現代中国キーワード(大紀元エポックタイムズ・ジャパン)

煮ても焼いても「炒房」は食えない 中国不動産バブル【現代中国キーワード】

チャーハン(炒飯)はおいしく食べられるが、発音がよく似たこちらの中国語「炒房(チャオファン)」はいただけない。この場合の「房」は住宅を指す。

それにしても、中華鍋を振ってチャーハンを作るように「住宅を炒める」とはよく言ったものだ。

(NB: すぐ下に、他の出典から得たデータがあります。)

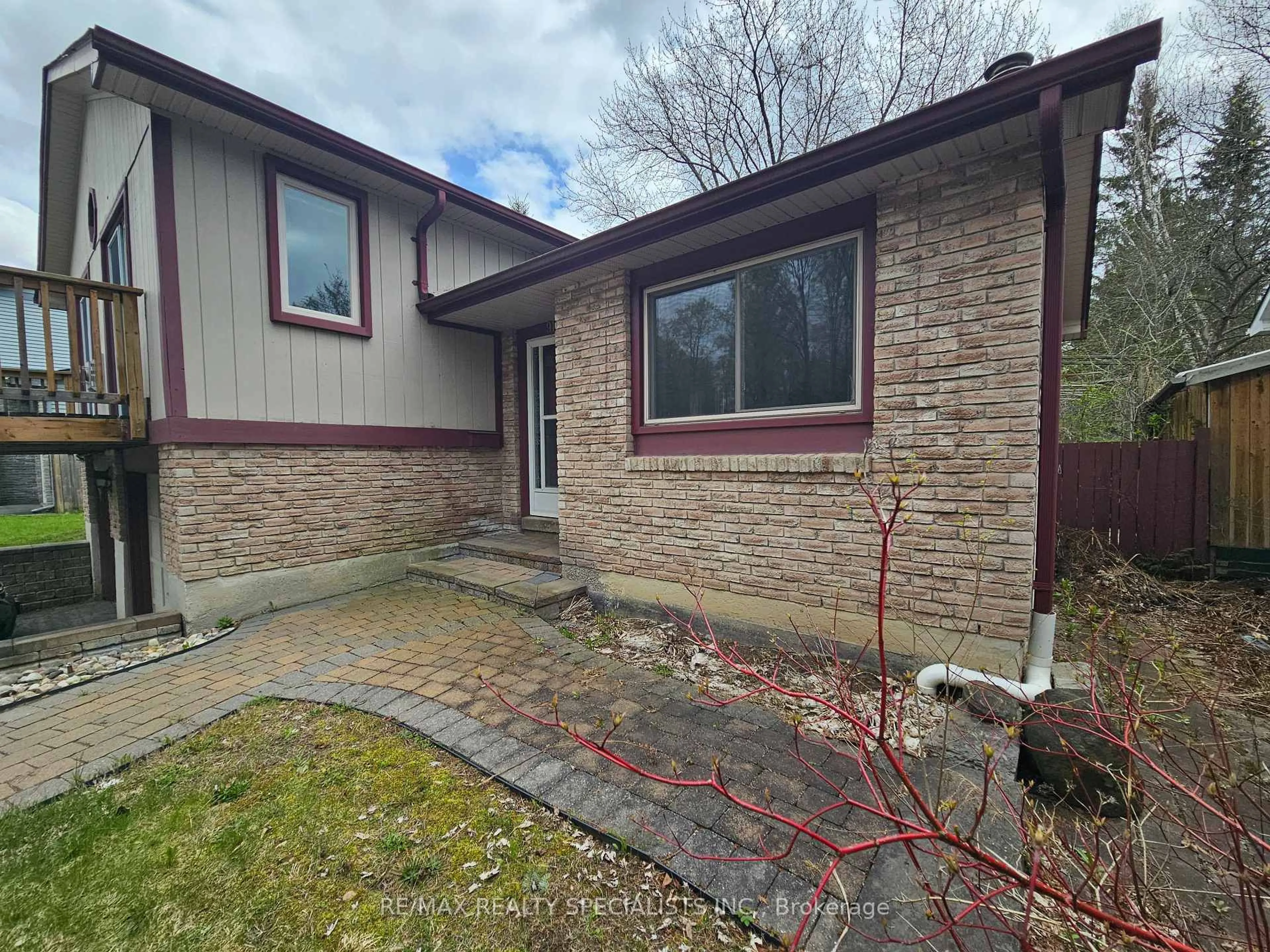 Home with brick exterior material, street for 914 JANETTE St, Newmarket Ontario L3Y 5K2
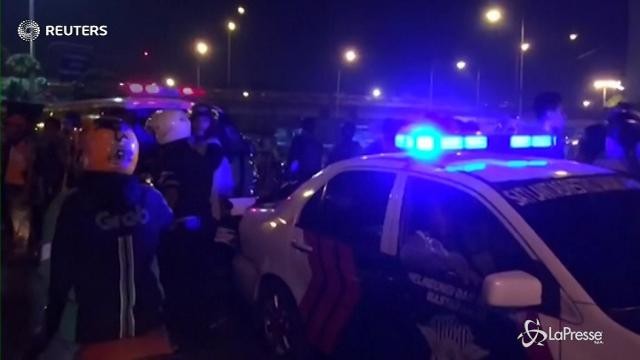 Indonesia: doppia esplosione a Giacarta, almeno 5 morti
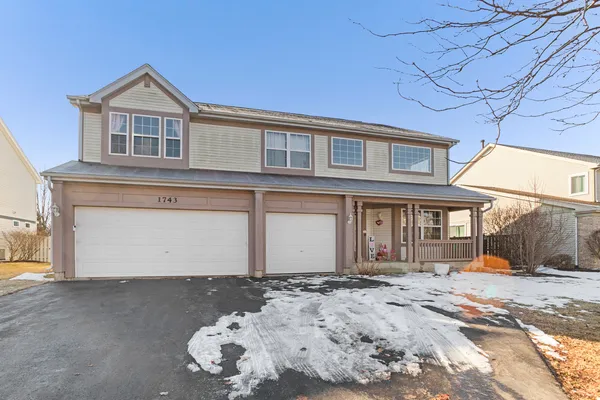 $450,000 | 1743 Newbridge Circle, Elgin, IL 60123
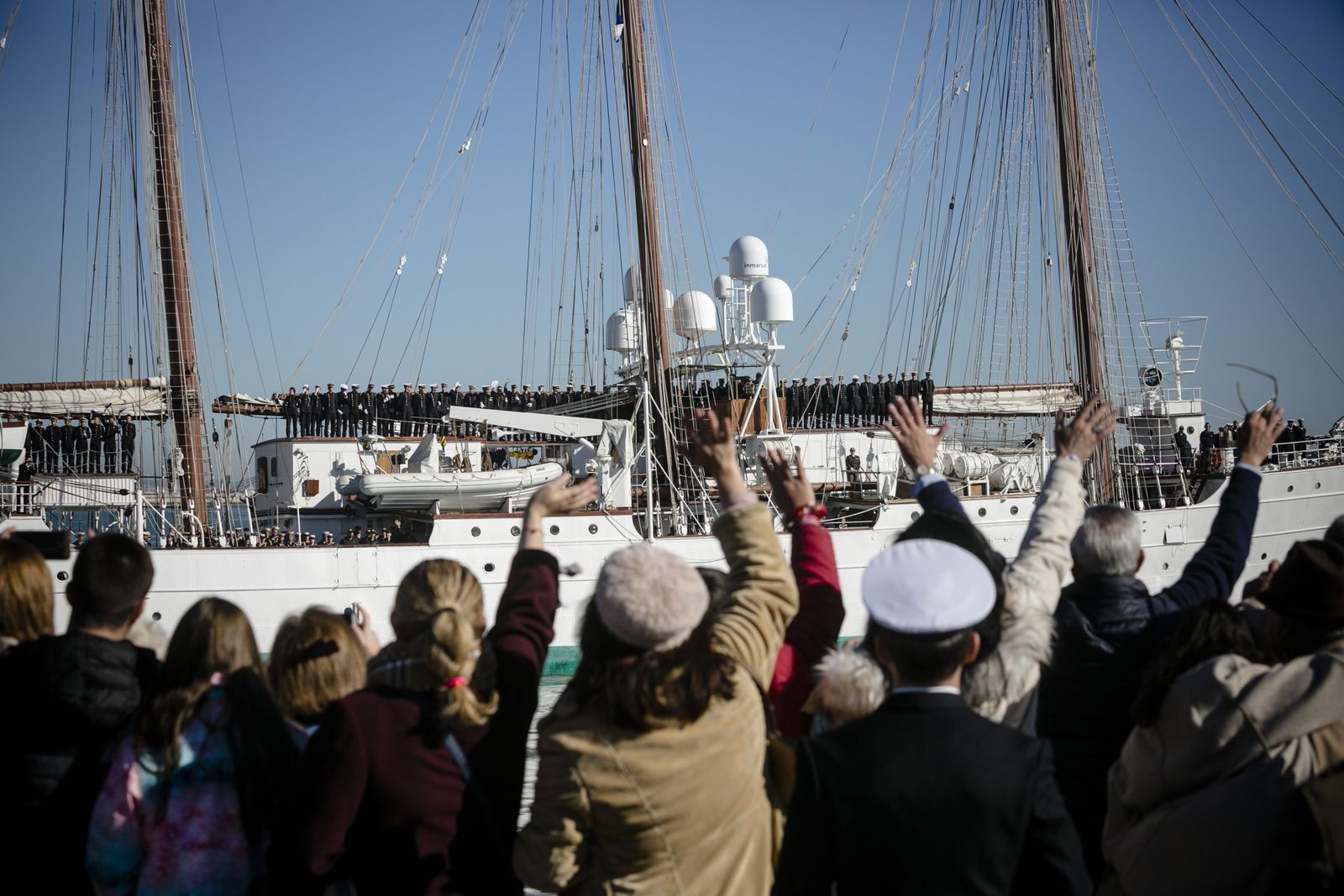 El buque escuela de la Armada saliendo de Cádiz el pasado enero.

「炒房」とは、不動産(とくに住宅)を投機目的で売買して、巨利を得ようとする風潮を指す。

2003年ごろから始まった中国の不動産バブルの初期から出現した言葉であるが、今またこの「炒房」が、不動産にからむ損失のキーワードとしてよく聞かれるようになった。

バブル期の日本でも「土地転がし」や「地上げ屋」など、不動産に関して、いくぶんダーティな響きをともなう社会現象が起きていた。

しかし、「日本のそれと同じ」といっては正確な説明にならないだろう。

中国の「炒房」は、人々の狂乱ぶりからして、日本のバブル期よりもはるかにすさまじかった。とにかく将来値上がりするとみた物件に対して、中国人の個人投資家が猛牛のような勢いで群がったのである。

彼らは、未着工の物件を争って買い、未完成の段階で転売しようとした。

中国の各所に、入居者の全くいない「鬼城(ゴーストタウン)」が無数に出現したのは、コロナ禍のせいばかりではない。そして今、購入者のローンだけを残して、工事が中断されたまま放置されているマンションが、巨大な亡霊のように林立している。

道徳なき経済は滅びる。欲望の果ての報いが、この現実である。